By Mrs. Wendy Igwema
It all happened one morning, 4:am to be precise, on the 28th of October 2020. We were just waking up from sleep in our home in our home in Torino.
Suddenly there was knock on the door. When I opened I saw about 9 Italian policemen. One of them was a woman. I asked them what they wanted. ‘We want to take your husband in for questioning’ one of them said to me. They said they were arresting him on mafia-related crimes in Italy. They proceeded to search the entire apartment and they did not find what they were looking for.
As they took my husband away, I requested to go with them to their station but they refused, saying that all they want is to interview him. They said they would let him go afterwards. Before they took him away, my husband called his lawyer, and told him about the presence of the police in our house. He advised that we closely watch them so they wouldn’t plant anything in our house. We did so.
Let me quickly state my husband is not a mafia member. He was working here in a hospital as a nurse in Vias Palato Capa GS in Torino for over 12 of the 16 years that we have lived here in Italy. He is a law-abiding person who has no criminal record whatsoever – no 419, no internet fraud, nothing.
After about a 2-hour search of our house where they found nothing, they took him away. On that same day around 11am, I got a call from the Italian police that they have decided to remand my husband in prison.
I requested to know why. They didn’t tell me why. So I requested to speak with my husband, who told me that the police accused him of belonging to a mafia group in Italy. ‘Are you a mafia member,’ I asked my husband. ‘No, but I am a Norseman’, he said to me.
So I met the lawyer again, an Italian. The Italian police did not allow him to see my husband. After about 14 days of my husband being in detention without access to his lawyer and family, I was eventually to find out that they also arrested anyone remotely or close to him. They arrested them all, about 50 of them in number. It was a massive raid in Bologna, Milan, Torino, Rome, Naples, Sicily and Sardinia.
Information that reached me indicated that the whole raid was just about rival groups in Italy who fought against one another sometime ago. Our lawyer, Emmanuel Pergas, met the police and demanded to be shown proof that my husband was part of the group that participated in that brawl.
The police told our lawyer that they had monitored meetings that cult groups in Italy have had over a long period. In all of the about video surveillances, my husband was not in any of them. They said though that my husband participated as a boss when he intervened and made peace between two Nigerians having an altercation on the streets of Torino.
My husband has been in prison over ten months without charge. Each time he is taken before a judge, the Italian police always argued for an adjournment which they always got. Most of the said court appearances were online, and only the lawyer makes an appearance.
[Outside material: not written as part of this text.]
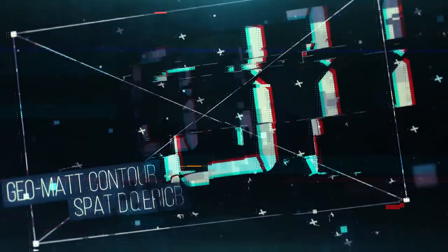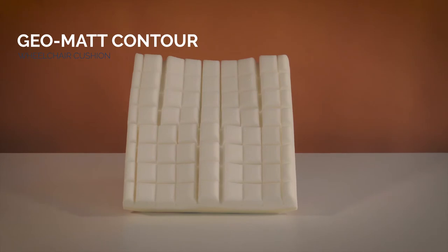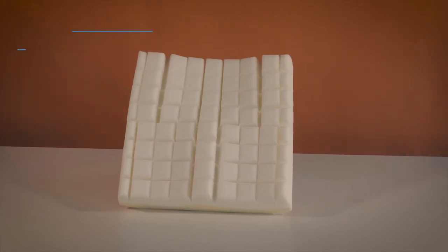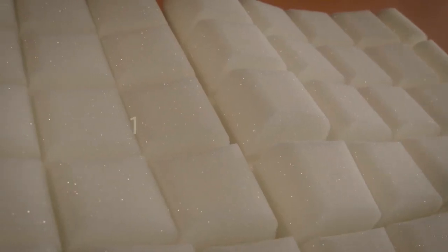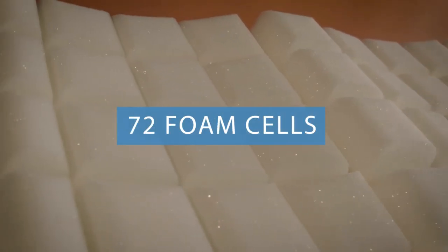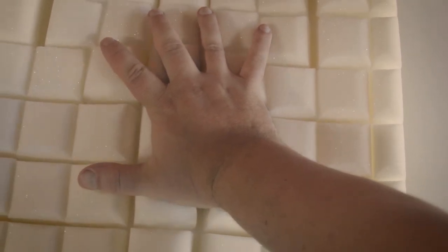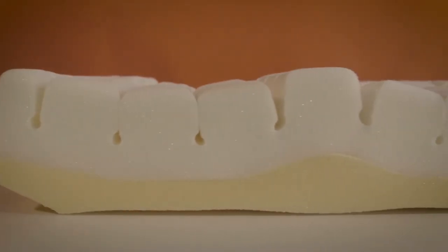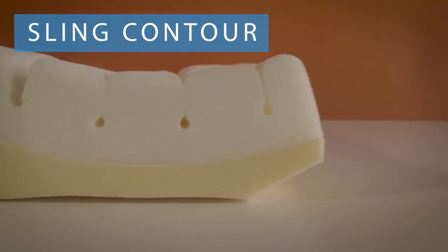Our pick for the best wheelchair cushion in the foam category goes to the Geo Matte Contour Wheelchair Cushion from Span America, with its every detail designed to maximize pressure reduction and skin protection. Composed of 72 independently moving supportive foam cells, the Geo Matte Contour conforms to your every move, while the high-density contoured foam base is lightly curved on the bottom to prevent sagging in sling wheelchairs.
I go to see my husband every week, and the last time I saw him, he was looking very unwell. I was pregnant when they came to arrest him, and the sudden nature of the affair led to my losing my pregnancy.
The name of the prison where my husband is being detained illegally is Valletta. There are hundreds of Nigerians held in this prison and many other prisons in Italy without charge. Over 52 Nigerians were arrested in Italy on the day my husband was arrested.
I am basically surviving on the stipends that come from the hospital my husband works. There’s no other assistance whatsoever from any source. He has a life contract with the hospital. They cannot sack him.
The hospital has also made a case for my husband that he has worked with them for over a decade without blemish of any kind. They have agreed to testify in court to my husband’s good name in Torino.
These people (Italian Police) has worked to cancel the next court appearance in September. They are bent on just keeping our people in jail to rot and languish. In the year 2019 after I lost my twins, friends and well-wishers that came to the cemetery for the burial of my twins. They wore black clothes. Because of that, most of them were arrested as Mafia members.
Please let the Italian police release my husband and the many other Nigerians languishing in jails in Nigeria. We their wives are suffering. If they are alleged to have committed any offence, let them take them to court to prove their innocence.
Mrs Wendy Igwema lives in Torino Italy. Her husband, together with many other Nigerians, are incarcerated in an Italian prison on suspicion of belonging to a Mafia group.